Depp, who also rewrote what was reportedly at one point a very powerful script by Paul McCudden, plays the protagonist as a man blessed with the sense of calm and resignation that sometimes comes with choosing to die. In accepting the most agonizing death imaginable, Depp paradoxically finds a strange power in the powerlessness of realizing that his only marketable skill lies in being willing to take the worst job in the world; laying down his life for the sick amusement of unseen sadists.
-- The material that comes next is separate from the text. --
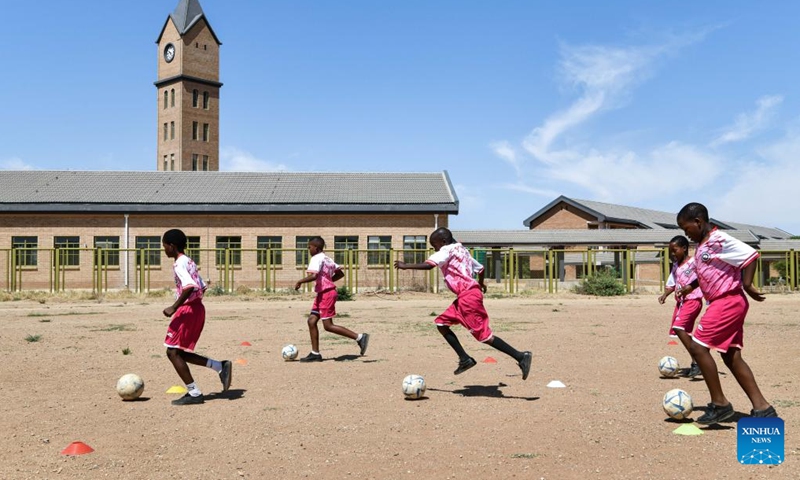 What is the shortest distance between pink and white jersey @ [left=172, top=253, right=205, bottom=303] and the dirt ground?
1064 millimetres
Depp’s performance is often powerful. It’s too bad Depp-as-writer-director chose to surround himself with a hammy array of Lynchian grotesques, like a soot-covered loon played by Max Perlich, who runs around in what appears to be a giant hamster wheel at the behest of father Frederic Forrest, then spends quality time fondling a goat at a boozy bash thrown by his soon-to-be-late chum. Depp seems to have encouraged all the extras to overact egregiously in the name of giving the film plenty of local color. They happily acquiesced.

Imminent death affords Depp the chance to finally be a responsible father and husband. He has a heart-to-heart talk with his son and finally gets his wife to stop glaring at him long enough to engage in some soft-focus, wildly acrobatic outdoor sex. It takes the looming specter of death to get Depp to finally embrace life.

As it heads into its third act, the film alternates between naked sentiment, melodramatic excess, and queasy miserablism. There’s something creepily manipulative about the way the film transforms Depp into a cardboard saint so his self-martyrdom will have meaning. The Brave lurches unsteadily to a foreordained conclusion, trudging slowly, slowly, slowly to a grim reckoning for its luckless hero, compromised at every turn by unnecessary subplots and a bizarre, distracting cameo from Iggy Pop—who also provided the score—gnawing on what appears to a giant turkey leg during one of Depp’s going-away parties.

The Brave ultimately plays like the world’s most depressing remake of Joe Versus The Volcano, with all the joy and whimsy replaced by gloom and grime. It’s a morbid, maudlin oddity that starts off slowly and never finds its footing. Having suffered through Depp’s well-meaning but dreary directorial debut, I can assure you that American audiences deprived of a legal means of checking out The Brave really aren’t missing much.